I will investigate with reflexion later on but for the moment i need to understand how Dremio plans the query and why ES reacts this way for i can develop performant queries. Profile-Query-CASE-function.zip (8,8 Ko)
Profile-Query-CAST-function.zip (8,2 Ko)

Thanks

xbry · June 30, 2018, 1:06pm

Profile-Qyery-Extract-function.zip (7,4 Ko)

steven · June 30, 2018, 8:42pm

The second query is slow because it looks like Dremio is unable to push down the aggregation to Elastic search when the group by clause has the to_char() function.

Could you try something like this:

select CASE when m=1 then ‘January’
when m=2 then ‘February’
when m=3 then ‘March’
when m=4 then ‘April’
when m=5 then ‘May’
when m=6 then ‘June’
when m=7 then ‘July’
when m=8 then ‘August’
when m=9 then ‘September’
when m=10 then ‘October’
when m=11 then ‘November’
when m=12 then ‘December’
end as “month”,
cnt
from
(select Extract(Month from “Date”) as m, count(*) as cnt
from “ES GCS Data”.“gge-gcsdata-index”.generictype
group by
Extract(Month from “Date”))

xbry · July 1, 2018, 10:21am

Hi Steven
You are right and the query is far more performant this way.
I’m a bit confused there because sub querying is normally not the right way to perform with SQL.
Could you tell me how you investigated my logs and how you concluded that the CAST was not pushed down and finally explain to me how was the data transformation flow handled from the query to ES to the delivery by Dremio.
I must be able to perform investigations by myself in the future because i realize that what i consider as good SQL does not really fits dremio.

Thanks a lot

Xavier

steven · July 4, 2018, 7:04pm

If you view the profile in the Jobs page, you can click on the Planning tab. Scroll down to the section that say “Final Physical Transformation”. You will see a tree of relation operators, one of which is the “ElasticScan”. Next to that, you will see a json string which represent the Elasticsearch query which dremio sent to Elasticsearch.
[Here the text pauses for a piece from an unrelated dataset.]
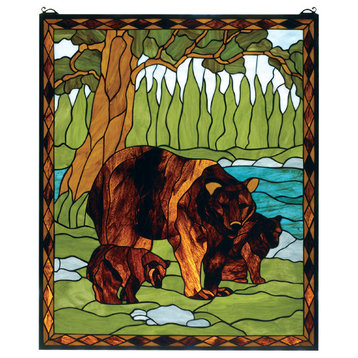 25W X 30H Brown Bear Stained Glass Window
For example, in the first query you tried:

03-02                            ElasticScan(table=[[ES GCS Data, gge-gcsdata-index, generictype]], resource=[gge-gcsdata-index/generictype], columns=[[`*`]], pushdown
 =[{
  "size" : 0,
  "query" : {
    "match_all" : { }
  },
  "aggregations" : {
    "EXPR$0" : {
      "terms" : {
        "script" : {
          "inline" : "(def) ((doc[\"Date\"].empty) ? null : doc[\"Date\"].date.monthOfYear)",
          "lang" : "painless"
        },
        "missing" : -9223372036854775808,
        "size" : 2147483647
      }
    }
  }
}])

This means that Dremio pushed the aggregation to Elasticsearch, which was able to compute it very quickly by using the index, and then only had to send the much smaller result to Dremio.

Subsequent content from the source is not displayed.